Keep the pictures out. Write out every line of the listing exactly.

### Exercise data
* * *

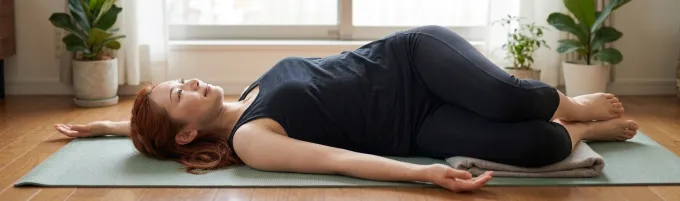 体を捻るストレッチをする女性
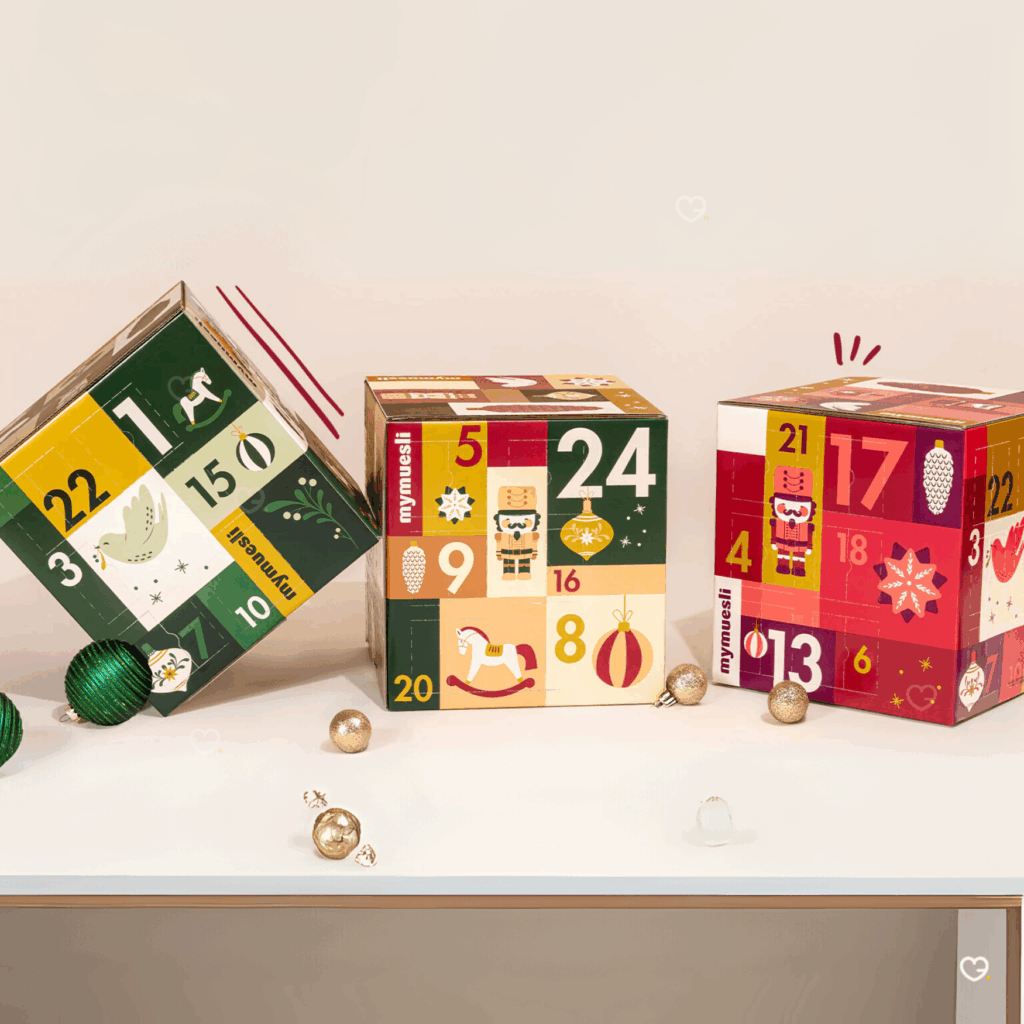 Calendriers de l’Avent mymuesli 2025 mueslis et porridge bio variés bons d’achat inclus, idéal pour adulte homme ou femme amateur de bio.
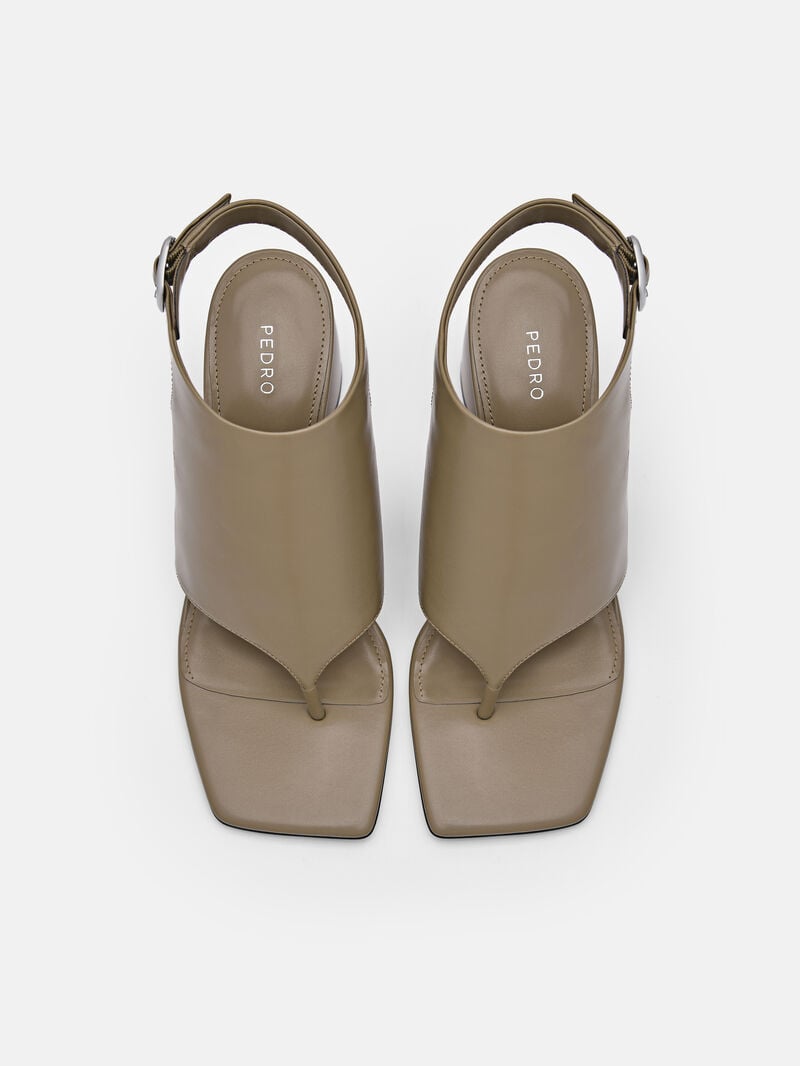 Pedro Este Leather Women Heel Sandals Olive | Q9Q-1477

* * *

### Solution for this task
 体を捻るストレッチをする女性
 Calendriers de l’Avent mymuesli 2025 mueslis et porridge bio variés bons d’achat inclus, idéal pour adulte homme ou femme amateur de bio.
 Pedro Este Leather Women Heel Sandals Olive | Q9Q-1477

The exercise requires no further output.